ABOUT THIS TASK: Every line below from the one containing "SSD Benchmark RND4K Cara" through the one containing "Mathematics 08 00316 g005" is to be printed exactly, with the pictures omitted.

DATA FOR PROCESSING:
- - - - -

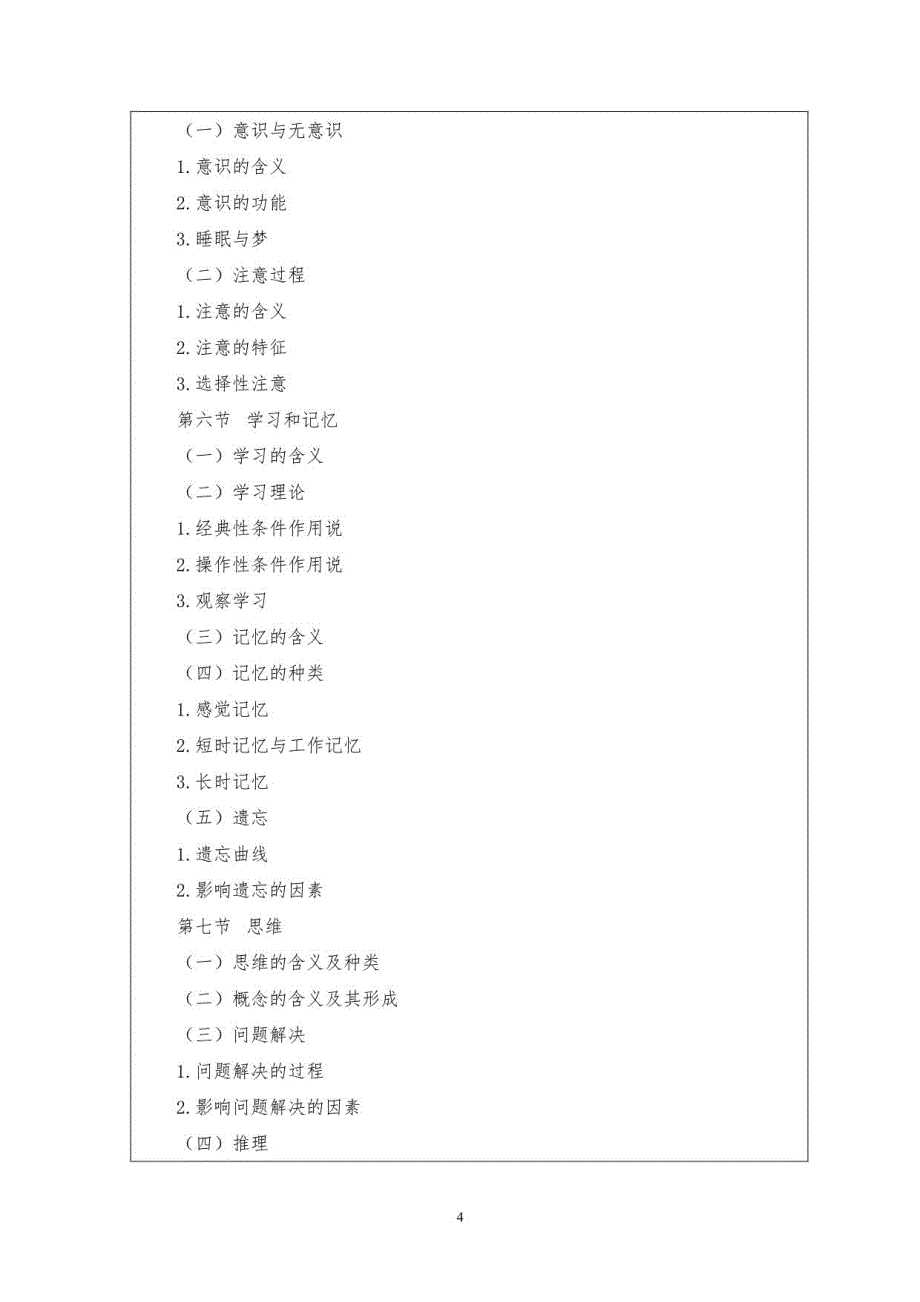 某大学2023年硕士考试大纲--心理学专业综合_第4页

- - - - -

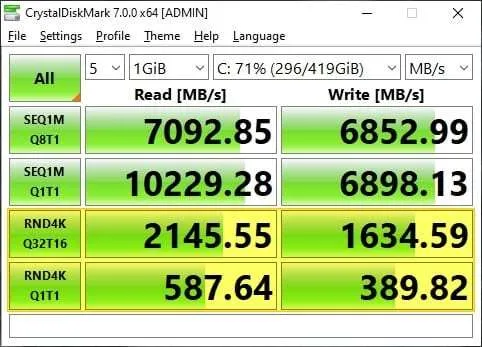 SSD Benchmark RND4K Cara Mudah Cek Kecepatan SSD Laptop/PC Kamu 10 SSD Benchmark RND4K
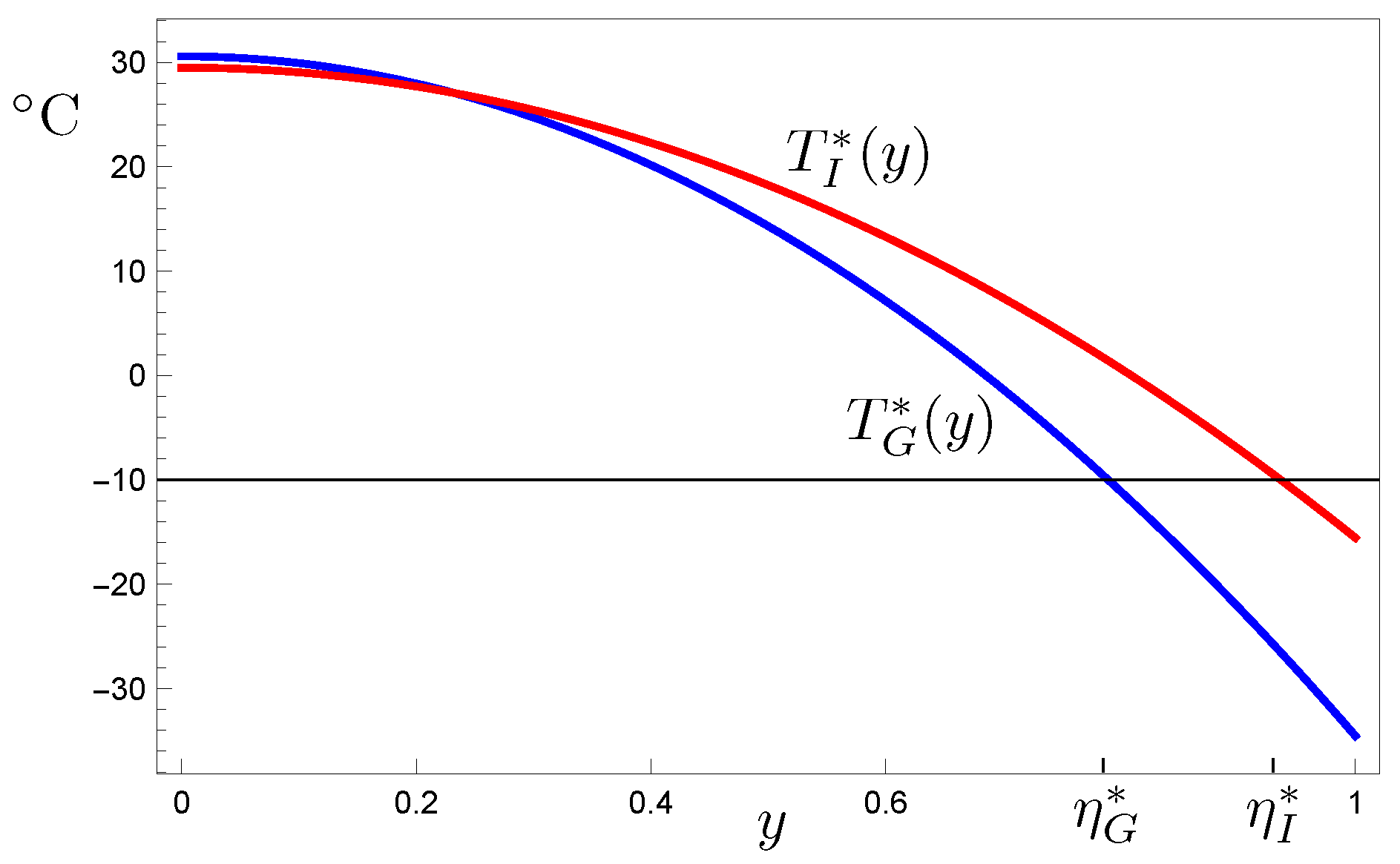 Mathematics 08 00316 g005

- - - - -

OUTPUT FOR THIS EXERCISE:
 SSD Benchmark RND4K Cara Mudah Cek Kecepatan SSD Laptop/PC Kamu 10 SSD Benchmark RND4K
 Mathematics 08 00316 g005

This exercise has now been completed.